Search code examples
javascriptstring-matchingfuzzy-search

Looking for a better javascript text-matching scoring system


I've been using String Score for a lot of projects. It's great for sorting lists, like names, countries, etc.

Right now, I'm working on a project where I want to match a term against a bigger set of text, not just a few words. Like, a paragraph.

Given the following two strings:

string1 = "I want to eat.";
string2 = "I want to eat. Let's go eat. All this talk about eating is making me hungry. Ready to eat?";

I'd like the term eat to return string2 as higher than string1. However, string1 scores higher:

string1.score('eat');
> 0.5261904761904762

string2.score('eat');
> 0.4477777777777778

Maybe I'm wrong in thinking string2 should score higher, and I'd love to hear arguments for that logic, if that is your logic. Otherwise, any ideas on a more contextual javascript matching algorithm?


Solution

  • If the score is not taking into account repetitions then only one occurrence of "eat" in string2 adds to the score so the other occurrences of "eat" are treated as unmatched garbage which counts against in the total score.
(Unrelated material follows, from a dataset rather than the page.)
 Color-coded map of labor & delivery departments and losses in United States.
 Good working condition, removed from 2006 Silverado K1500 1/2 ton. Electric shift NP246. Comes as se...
    Many string similarity metrics behave this way, e.g. in Edit distance the more non-matching characters the lower the score and repetitions are treated as non-matching.
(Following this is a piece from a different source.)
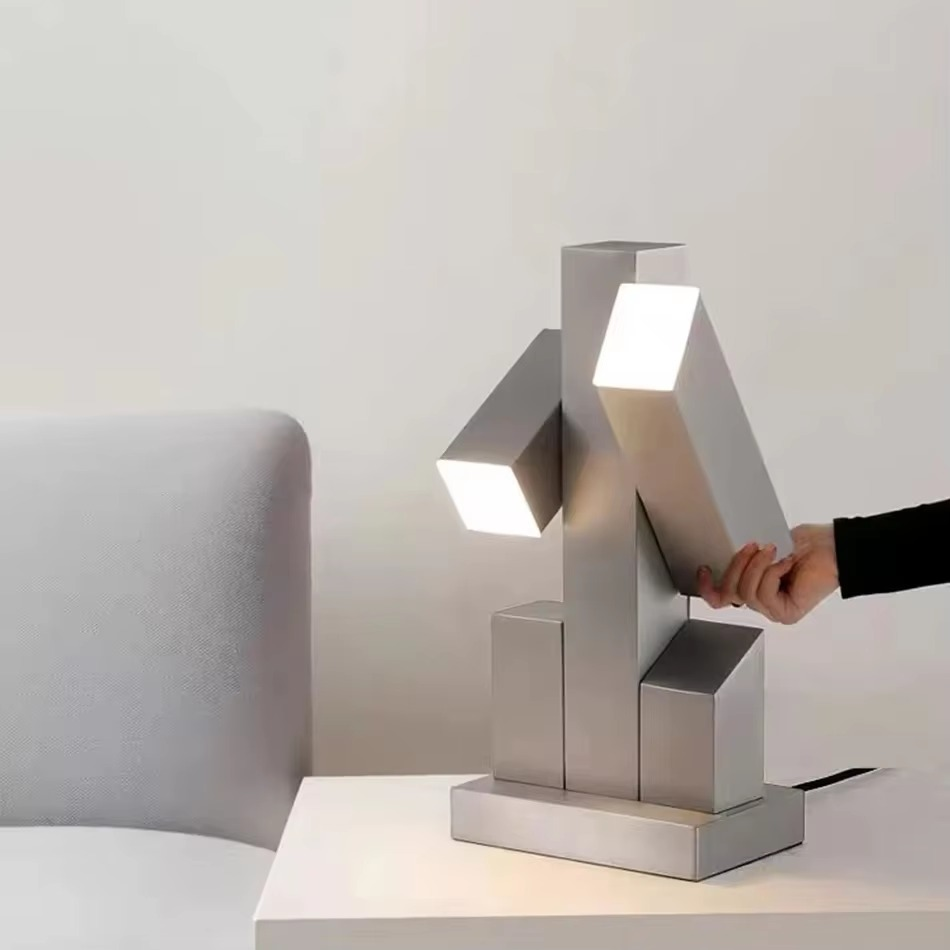 Atmosfera Elegante con Lampada da Tavolo Bauhaus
    It's not clear to me from reading the source what algo it is using, but the score variables

    var total_character_score = 0,
      start_of_string_bonus,
      abbreviation_score,
      fuzzies=1,
      final_score;
    

    don't seem to take into account multiple repetitions.

    If you want multiple occurrences to count, then it sounds like what you want is not a string-similarity algo, but a fuzzy match algo so you can find the number of matches.

    Maybe yeti witch will work for you.